Umweltministerin Barbara Hendricks wies dagegen darauf hin, dass Wölfe im Grunde menschenscheue Tiere wären. Wohlleben erklärte, dass nur 0,5 Prozent der Opfer von Wölfen Nutztiere seien, beispielsweise Schafe. Von Übergriffen auf Menschen ganz zu schweigen. Naturschützer Olaf Tschimpke erklärte, Wölfe gehörten "zum allgemeinen Lebensrisiko" genauso dazu wie Straßenverkehr.
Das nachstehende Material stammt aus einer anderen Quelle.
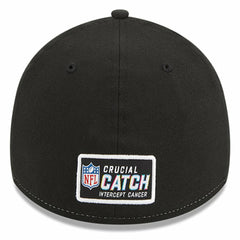 NFL Las Vegas Raiders 2023 NFL Crucial Catch 39THIRTY Flex Hat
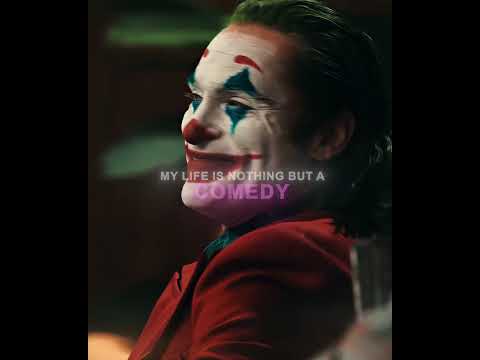 "A joker"| Joker (2019) | Arthur Fleck | VVV - mikeeysmind , Sanikwave | #shorts #joker #marvel #dc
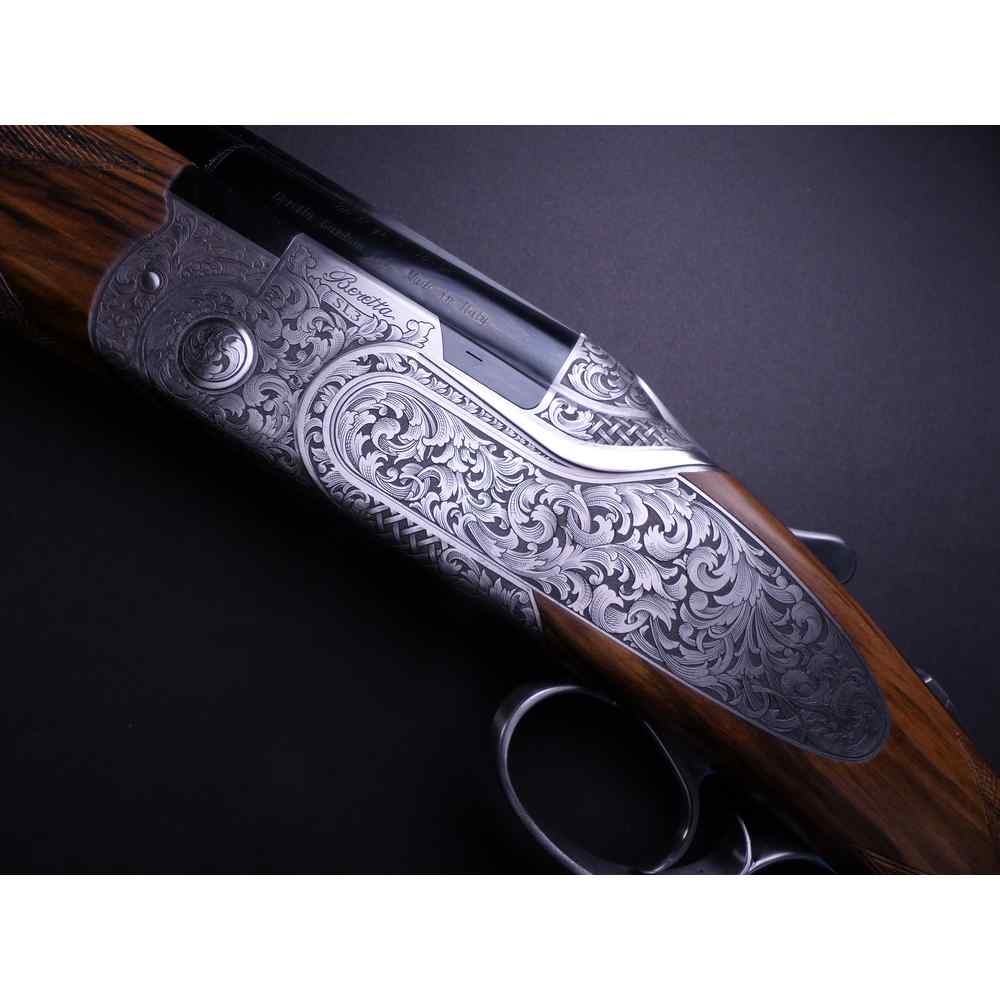 BERETTA 12 Gauge SL3 FIELD DEEP SCROLL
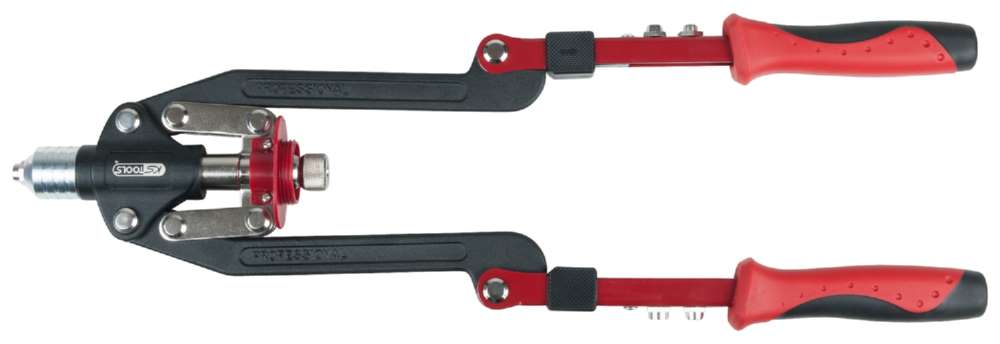 Produktbild KS Tools Universal Nietzange Gesamtlänge 510 mm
Doch am Ende erinnerte die Diskussion der über die Wälder. Wir Deutsche sind gut darin, anderen Ländern vorzuschreiben, wie sie bitte ihren Regenwald oder die Leoparden-Population zu schützen haben. Aber selbst etwas dafür im eigenen Land tun? Da passte es ins Bild, dass Salm-Salm und auch Hendricks von einer "Obergrenze" für Wölfe sprachen.

Absurdität des Abends

Die Rolle der Bundesministerin Barbara Hendricks. Denn einerseits steht sie dem Umweltamt vor, andererseits dem Bauamt. Wohl kein anderer Politiker steht derart zwischen den Stühlen wie Hendricks, die mit sich selbst ausmachen muss, ob nun Vogelarten zu schützen seien oder eine Umgehungsstraße Vorrang habe. Menschen tendieren dazu, sich selbst allzu wichtig zu nehmen. Diesen Eindruck hinterließ Hendricks am Montagabend angenehmerweise nicht. Doch ihr Versuch zu erklären, warum das ungewollte Stiefkind der Deutschen, die Windenergie, gut für Deutschland sei, misslang.

Was offen bleibt

In Deutschland regiert der Zeigefinger. Manchmal erhoben, um anzumahnen. Manchmal, um auf Schuldige zu zeigen. Es wäre wünschenswert – und hier kommt der erhobene Zeigefinger – mit dem Finger auf Beispiele zu zeigen, wie Naturschutz und Wirtschaft Hand in Hand gehen können. Im südlichen Afrika beispielsweise versuchen private Reservate die ursprünglichen Umgebungen, wie sie vor langer Zeit existierten, wiederherzustellen. Durch Umsiedlung von Tieren, durch Neuanpflanzung von Vegetation, wie sie früher einmal dort herrschte, durch Schutz der Natur mittels Wissenschaft und Geld, das durch Öko-Tourismus eingenommen wird. Dabei helfen viele Deutsche und Schweizer, die nach Afrika auswandern, weil sie dort größere Chancen sehen, ihre Ziele zu verwirklichen: den Schutz des Vermächtnisses, das wir Menschen unseren Nachfahren hinterlassen wollen.